Vielen Speyerern ist der Schwalbenturm unbekannt, und selbst das so ausgezeichnete Werk “Kunstdenkmäler von Bayern”, Band Speyer, hat ihn in seiner Aufstellung der noch vorhandenen Stadttürme vergessen. Auf dem dort beiliegenden Katasterblatt ist er wohl eingezeichnet, aber nicht – wie auch die anschließende Stadtmauer – als ehemalige Stadtbefestigung gekennzeichnet. Der Grund hierzu mag sein, dass man den Schwalbenturm weder von der Unteren Langgasse noch von der Mühlturmstraße her sehen kann. Von Haus Nummer 4 der Unteren Langgasse kann man in den ehemaligen Stadtgraben hinuntersteigen und sieht dann die Außenseite (Nordseite) des Turmes, links davon die Reste der alten Stadtmauer. Besteigen lässt sich der Turm nur von der Mühlturmstraße her durch die ehemalige Mühlturmgarage.
Der Schwalbenturm zählt zu den nördlichen Mauertürmen der St.-Gilgen-Vorstadt. Seinen Namen verdankt er, gleich den meisten Türmen dieser Vorstadt, z.B. den Türmen “Zum Storchen”, “Zum Habicht”, Zum Kautz” usw., einer Vogelart. Sein Erbauungsjahr im späten Mittelalter ist unbekannt. Die militärische Bedeutung war gering. Im “Inventarium des Zeugamtes” von 1611, das die damaligen Zeugmeister der Freien Reichsstadt, Daniel Gauß, Hans Georg Hünerfauth, Leonhard Kaiser und Hans Treiber verfassten, wird vermerkt, dass im Turm “Zur Schwalbe” keine Waffen aufbewahrt werden.

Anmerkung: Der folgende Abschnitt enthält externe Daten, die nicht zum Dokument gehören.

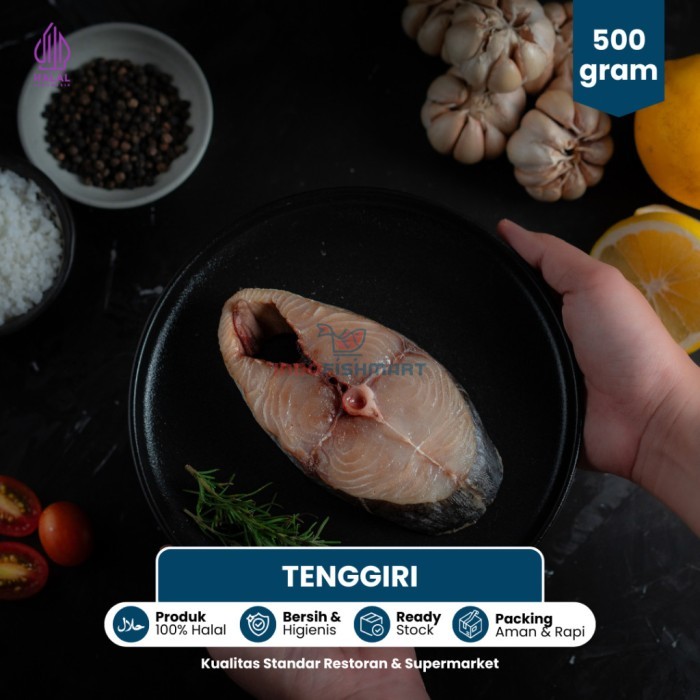

Ikan Tenggiri Steak Beku Frozen Premium - Tenggiri Steak, 500 gr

Damals aber waren von den 68 Türmen der Stadtbefestigung nur acht, nümlich die Türme “Zur Schwalbe”, “Zum Kautz”, “Zur Hatzel”, “Zum Hahnen” und “Zum Bock” der St.-Gilgen-Vorstadt, der äußere Germansturm bei der Sankt-Marx-Vorstadt und die Türme “Zur Tanne” und “Erle” in der Vortstadt Alt Speyer ohne Waffen.
Im Jahre 1595 wurde der Turm zur Schwalbe noch so umschrieben: “Turm in Jerg Beyerlins Garten”. Vermutlich ist das, obwohl der Titel “Herr” fehlt, der RKG Advokat Dr. Georg Berlin. Seine Witwe besaß hier bis 1578 ein Grundstück. 1772 benützte ihn der Glaser Ludwig Spiegel als Gartenhaus. Im 18. und 19. Jahrhundert fanden die ehemaligen Vorstadttürme gerne als Gartenhäuser Verwendung, so der Falkenturm bei der Gedächtniskirche als Gartenhaus des Herrn von Rogister (1839), der Zimmermannsturm in der Nähe des Sitzes der evangelischen Landeskirche als Ruheort des “unchristlichen Christians” des Speyerer Goethefreundes Dr. Ehrmann (1819), der ehemalige Runde Turm oder Alte Mühlturm an der Rützhaubstraße als “Gartenhaus der Familie Becker” (1772) usw. Auch vor dem Schwalbenturm dehnte sich, wie ein Stadtplan aus dem Jahre 1821 anzeigt, eine gepflegte Gartenanlage aus. Das biedermeierliche Speyer war ja an solchen Gartenanlagen nicht arm. Davon ist nichts mehr vorhanden, in den letzten Jahren diente der Turm als Kohlenkeller.
Der Schwalbenturm, ein Rundturm, steht etwas mehr als zur Hälfte aus der Stadtmauer hervor. Seine Rückseite (Südseite) dürfte früher offen gewesen sein. Nach der Stadtbeschreibung von 1772 maß die Rückseite 18 Schuh ( ~5,18 Meter), seine Tiefe 22 Schuh (~6,04 Meter). Wie sich Herr Adam Witz, Untere Langgasse 4, 1950 erinnerte – seit 1878 wohnte er dort – hatte der Turm früher ein Kegeldach. Dieses Dach stürzte in den 1930er Jahren bei einem nächtlichen Sturm ein. Damals wurden die oberen Turmteile im heutigen Zustand aufgebaut und mit einer Plattform und einer Galerie versehen. An der Westseite führt eine schmale Betontreppe hoch. Schießscharten sind nicht mehr vorhanden. Nur zwei rundbogenförmige Fenster – eins ist zugemauert – aus neuerer Zeit zeigen in den Stadtgraben. Die Höhe des Turmes beträgt vom Stadtgraben bis zur Galerie 6,8 Meter, innen (Hofseite bis Galerie) 5 Meter.